_Problem details_
The full listing must be reproduced exactly as given.

_Input data_
◇ ◇ ◇

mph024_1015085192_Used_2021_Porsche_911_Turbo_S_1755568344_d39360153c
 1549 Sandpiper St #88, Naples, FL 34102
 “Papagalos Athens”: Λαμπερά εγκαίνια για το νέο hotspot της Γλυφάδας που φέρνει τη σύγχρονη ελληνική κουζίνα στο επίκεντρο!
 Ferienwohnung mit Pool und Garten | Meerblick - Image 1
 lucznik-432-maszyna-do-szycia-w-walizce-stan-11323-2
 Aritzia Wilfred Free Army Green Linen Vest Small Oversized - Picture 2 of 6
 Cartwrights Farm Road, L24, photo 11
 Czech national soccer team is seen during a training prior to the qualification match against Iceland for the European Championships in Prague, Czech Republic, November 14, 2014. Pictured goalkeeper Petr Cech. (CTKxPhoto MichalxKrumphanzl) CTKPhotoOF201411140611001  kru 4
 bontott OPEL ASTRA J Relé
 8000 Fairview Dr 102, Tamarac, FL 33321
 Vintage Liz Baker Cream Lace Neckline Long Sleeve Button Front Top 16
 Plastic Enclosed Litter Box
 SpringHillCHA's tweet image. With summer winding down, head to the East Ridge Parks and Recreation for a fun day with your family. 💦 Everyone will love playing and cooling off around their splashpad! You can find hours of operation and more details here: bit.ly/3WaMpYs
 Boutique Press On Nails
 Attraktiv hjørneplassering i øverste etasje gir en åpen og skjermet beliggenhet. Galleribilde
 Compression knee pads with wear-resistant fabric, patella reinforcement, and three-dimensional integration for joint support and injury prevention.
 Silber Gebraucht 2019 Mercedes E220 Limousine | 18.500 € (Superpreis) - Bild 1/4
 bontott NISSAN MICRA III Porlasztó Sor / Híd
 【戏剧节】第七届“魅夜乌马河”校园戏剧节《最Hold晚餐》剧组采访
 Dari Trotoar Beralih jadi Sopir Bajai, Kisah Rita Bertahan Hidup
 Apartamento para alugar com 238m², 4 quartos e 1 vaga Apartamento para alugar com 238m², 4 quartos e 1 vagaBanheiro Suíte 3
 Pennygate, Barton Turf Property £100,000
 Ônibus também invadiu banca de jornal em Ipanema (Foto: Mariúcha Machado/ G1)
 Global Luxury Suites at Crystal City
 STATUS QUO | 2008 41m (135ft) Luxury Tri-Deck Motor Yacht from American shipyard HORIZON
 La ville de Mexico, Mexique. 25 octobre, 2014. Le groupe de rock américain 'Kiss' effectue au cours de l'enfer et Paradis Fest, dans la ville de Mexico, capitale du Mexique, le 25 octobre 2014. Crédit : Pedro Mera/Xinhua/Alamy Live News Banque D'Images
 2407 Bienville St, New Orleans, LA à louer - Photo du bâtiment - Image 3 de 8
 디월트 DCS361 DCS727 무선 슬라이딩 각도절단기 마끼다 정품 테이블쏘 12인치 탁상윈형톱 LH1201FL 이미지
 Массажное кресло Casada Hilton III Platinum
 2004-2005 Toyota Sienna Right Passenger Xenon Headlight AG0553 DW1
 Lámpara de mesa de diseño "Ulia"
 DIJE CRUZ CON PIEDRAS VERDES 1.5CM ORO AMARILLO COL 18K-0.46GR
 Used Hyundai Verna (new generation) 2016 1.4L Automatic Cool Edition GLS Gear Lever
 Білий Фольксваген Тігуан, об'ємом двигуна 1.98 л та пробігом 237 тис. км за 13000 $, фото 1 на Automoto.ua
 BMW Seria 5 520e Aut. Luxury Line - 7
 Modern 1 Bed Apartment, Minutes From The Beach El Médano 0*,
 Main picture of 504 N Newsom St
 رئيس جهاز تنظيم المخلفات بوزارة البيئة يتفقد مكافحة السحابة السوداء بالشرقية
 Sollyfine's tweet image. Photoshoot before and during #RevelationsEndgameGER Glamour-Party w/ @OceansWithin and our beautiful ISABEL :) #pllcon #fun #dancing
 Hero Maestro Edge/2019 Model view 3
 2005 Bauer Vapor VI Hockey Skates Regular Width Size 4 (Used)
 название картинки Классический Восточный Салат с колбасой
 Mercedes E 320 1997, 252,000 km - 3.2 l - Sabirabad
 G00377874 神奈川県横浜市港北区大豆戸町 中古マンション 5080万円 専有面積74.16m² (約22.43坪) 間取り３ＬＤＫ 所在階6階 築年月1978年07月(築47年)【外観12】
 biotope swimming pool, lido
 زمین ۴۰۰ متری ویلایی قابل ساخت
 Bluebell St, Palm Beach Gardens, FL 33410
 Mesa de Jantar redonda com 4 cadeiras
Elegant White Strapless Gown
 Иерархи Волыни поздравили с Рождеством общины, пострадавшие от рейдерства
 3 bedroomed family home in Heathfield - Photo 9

◇ ◇ ◇

_Reply_
mph024_1015085192_Used_2021_Porsche_911_Turbo_S_1755568344_d39360153c
 1549 Sandpiper St #88, Naples, FL 34102
 “Papagalos Athens”: Λαμπερά εγκαίνια για το νέο hotspot της Γλυφάδας που φέρνει τη σύγχρονη ελληνική κουζίνα στο επίκεντρο!
 Ferienwohnung mit Pool und Garten | Meerblick - Image 1
 lucznik-432-maszyna-do-szycia-w-walizce-stan-11323-2
 Aritzia Wilfred Free Army Green Linen Vest Small Oversized - Picture 2 of 6
 Cartwrights Farm Road, L24, photo 11
 Czech national soccer team is seen during a training prior to the qualification match against Iceland for the European Championships in Prague, Czech Republic, November 14, 2014. Pictured goalkeeper Petr Cech. (CTKxPhoto MichalxKrumphanzl) CTKPhotoOF201411140611001  kru 4
 bontott OPEL ASTRA J Relé
 8000 Fairview Dr 102, Tamarac, FL 33321
 Vintage Liz Baker Cream Lace Neckline Long Sleeve Button Front Top 16
 Plastic Enclosed Litter Box
 SpringHillCHA's tweet image. With summer winding down, head to the East Ridge Parks and Recreation for a fun day with your family. 💦 Everyone will love playing and cooling off around their splashpad! You can find hours of operation and more details here: bit.ly/3WaMpYs
 Boutique Press On Nails
 Attraktiv hjørneplassering i øverste etasje gir en åpen og skjermet beliggenhet. Galleribilde
 Compression knee pads with wear-resistant fabric, patella reinforcement, and three-dimensional integration for joint support and injury prevention.
 Silber Gebraucht 2019 Mercedes E220 Limousine | 18.500 € (Superpreis) - Bild 1/4
 bontott NISSAN MICRA III Porlasztó Sor / Híd
 【戏剧节】第七届“魅夜乌马河”校园戏剧节《最Hold晚餐》剧组采访
 Dari Trotoar Beralih jadi Sopir Bajai, Kisah Rita Bertahan Hidup
 Apartamento para alugar com 238m², 4 quartos e 1 vaga Apartamento para alugar com 238m², 4 quartos e 1 vagaBanheiro Suíte 3
 Pennygate, Barton Turf Property £100,000
 Ônibus também invadiu banca de jornal em Ipanema (Foto: Mariúcha Machado/ G1)
 Global Luxury Suites at Crystal City
 STATUS QUO | 2008 41m (135ft) Luxury Tri-Deck Motor Yacht from American shipyard HORIZON
 La ville de Mexico, Mexique. 25 octobre, 2014. Le groupe de rock américain 'Kiss' effectue au cours de l'enfer et Paradis Fest, dans la ville de Mexico, capitale du Mexique, le 25 octobre 2014. Crédit : Pedro Mera/Xinhua/Alamy Live News Banque D'Images
 2407 Bienville St, New Orleans, LA à louer - Photo du bâtiment - Image 3 de 8
 디월트 DCS361 DCS727 무선 슬라이딩 각도절단기 마끼다 정품 테이블쏘 12인치 탁상윈형톱 LH1201FL 이미지
 Массажное кресло Casada Hilton III Platinum
 2004-2005 Toyota Sienna Right Passenger Xenon Headlight AG0553 DW1
 Lámpara de mesa de diseño "Ulia"
 DIJE CRUZ CON PIEDRAS VERDES 1.5CM ORO AMARILLO COL 18K-0.46GR
 Used Hyundai Verna (new generation) 2016 1.4L Automatic Cool Edition GLS Gear Lever
 Білий Фольксваген Тігуан, об'ємом двигуна 1.98 л та пробігом 237 тис. км за 13000 $, фото 1 на Automoto.ua
 BMW Seria 5 520e Aut. Luxury Line - 7
 Modern 1 Bed Apartment, Minutes From The Beach El Médano 0*,
 Main picture of 504 N Newsom St
 رئيس جهاز تنظيم المخلفات بوزارة البيئة يتفقد مكافحة السحابة السوداء بالشرقية
 Sollyfine's tweet image. Photoshoot before and during #RevelationsEndgameGER Glamour-Party w/ @OceansWithin and our beautiful ISABEL :) #pllcon #fun #dancing
 Hero Maestro Edge/2019 Model view 3
 2005 Bauer Vapor VI Hockey Skates Regular Width Size 4 (Used)
 название картинки Классический Восточный Салат с колбасой
 Mercedes E 320 1997, 252,000 km - 3.2 l - Sabirabad
 G00377874 神奈川県横浜市港北区大豆戸町 中古マンション 5080万円 専有面積74.16m² (約22.43坪) 間取り３ＬＤＫ 所在階6階 築年月1978年07月(築47年)【外観12】
 biotope swimming pool, lido
 زمین ۴۰۰ متری ویلایی قابل ساخت
 Bluebell St, Palm Beach Gardens, FL 33410
 Mesa de Jantar redonda com 4 cadeiras
Elegant White Strapless Gown
 Иерархи Волыни поздравили с Рождеством общины, пострадавшие от рейдерства
 3 bedroomed family home in Heathfield - Photo 9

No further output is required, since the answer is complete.